***** Entries supplied *****

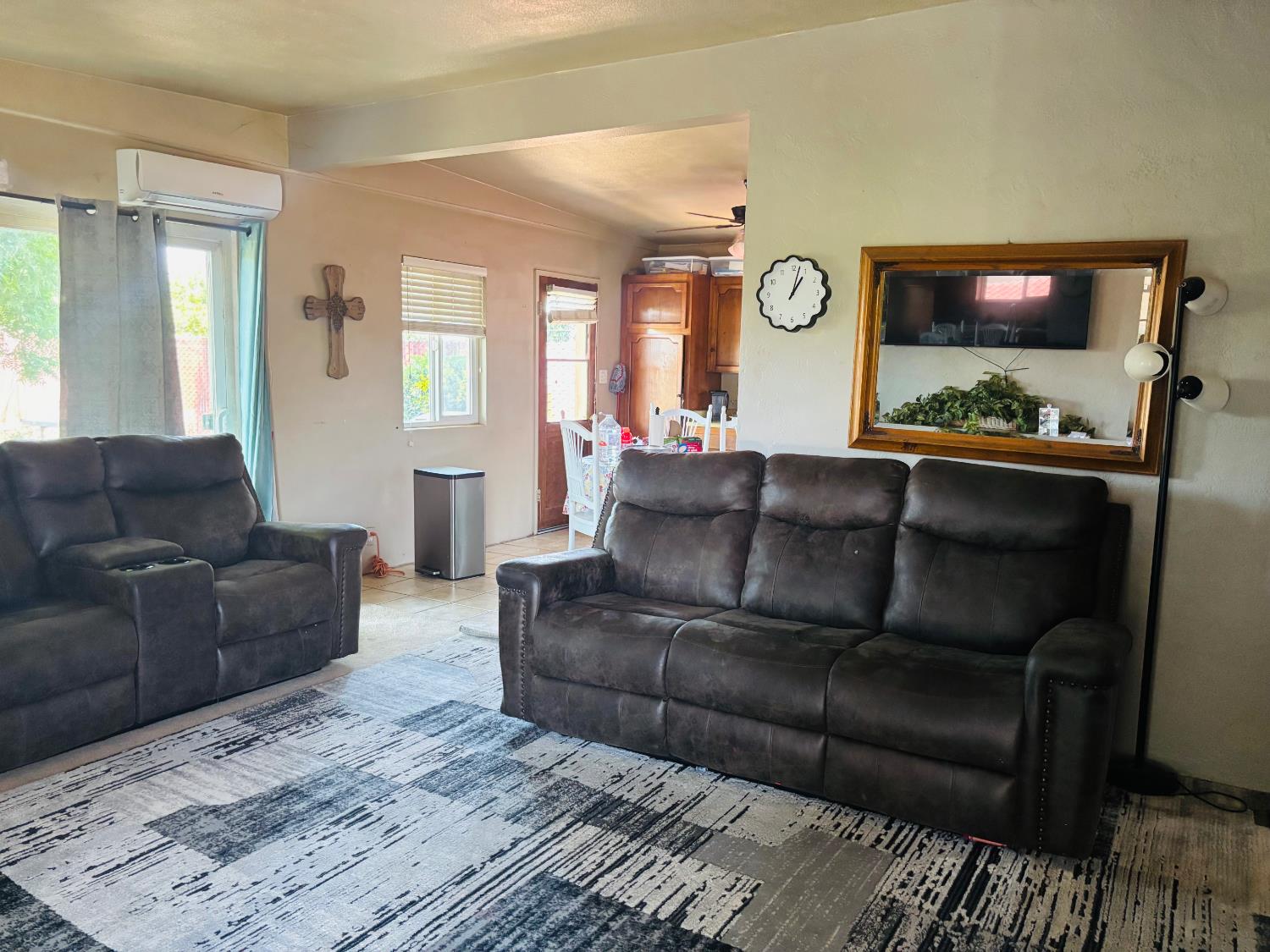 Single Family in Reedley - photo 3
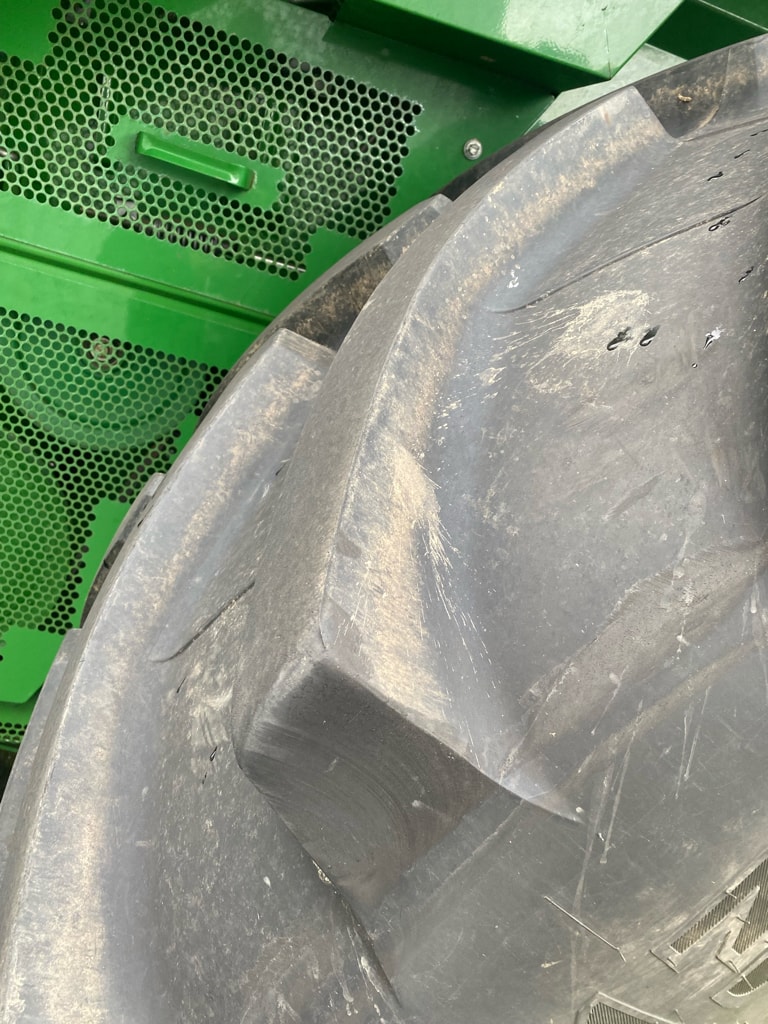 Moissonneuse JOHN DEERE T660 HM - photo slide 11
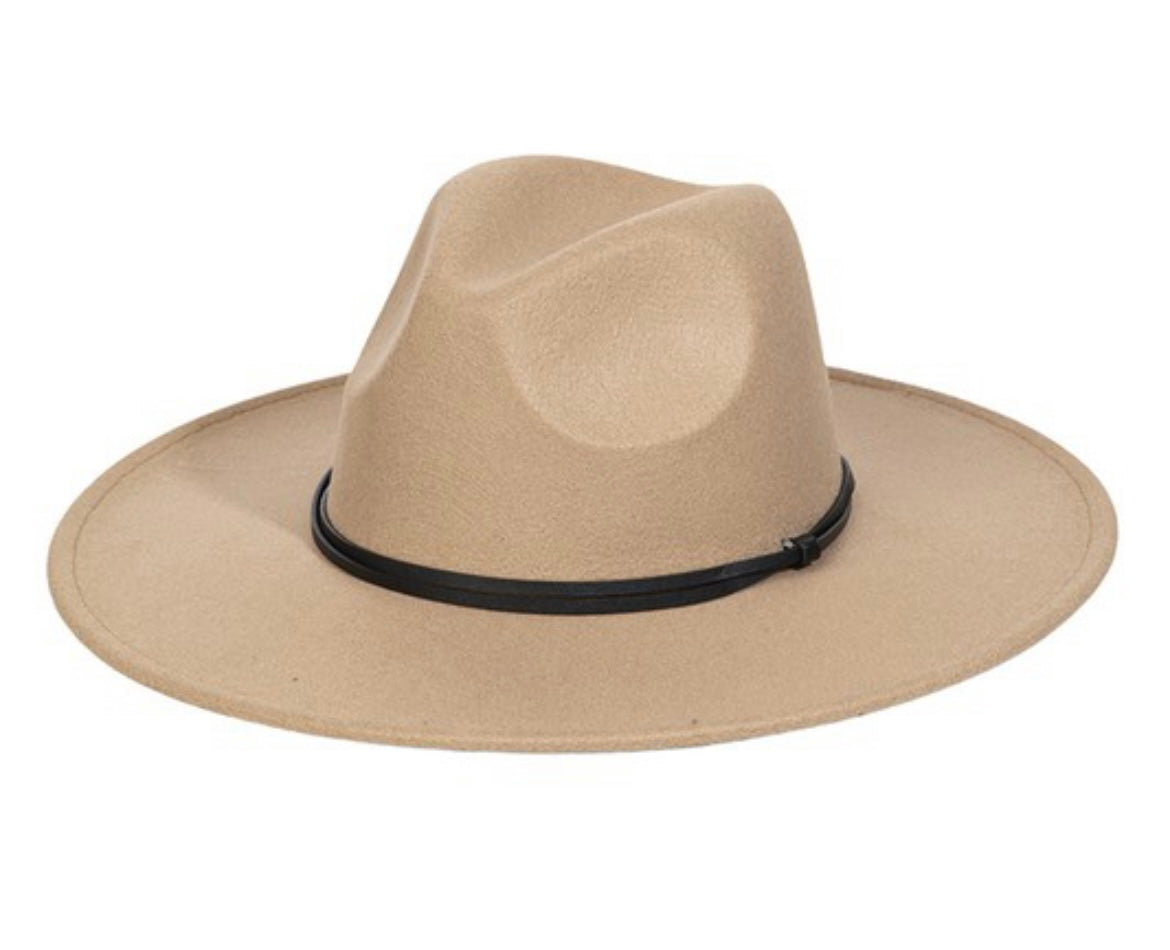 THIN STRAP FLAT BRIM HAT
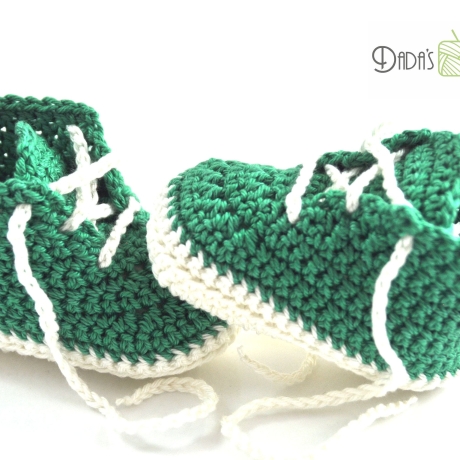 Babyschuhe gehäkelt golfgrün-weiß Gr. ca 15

*****
***** Entries supplied *****

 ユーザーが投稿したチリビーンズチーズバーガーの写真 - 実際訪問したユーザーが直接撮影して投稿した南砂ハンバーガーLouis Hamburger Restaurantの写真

*****

» What this task involves
With the pictures omitted, copy the entries above exactly from the line containing "Single Family in Reedley - photo 3" through the line containing "Babyschuhe gehäkelt golfgrün-weiß Gr. ca 15", both lines included.

» Reply
 Single Family in Reedley - photo 3
 Moissonneuse JOHN DEERE T660 HM - photo slide 11
 THIN STRAP FLAT BRIM HAT
 Babyschuhe gehäkelt golfgrün-weiß Gr. ca 15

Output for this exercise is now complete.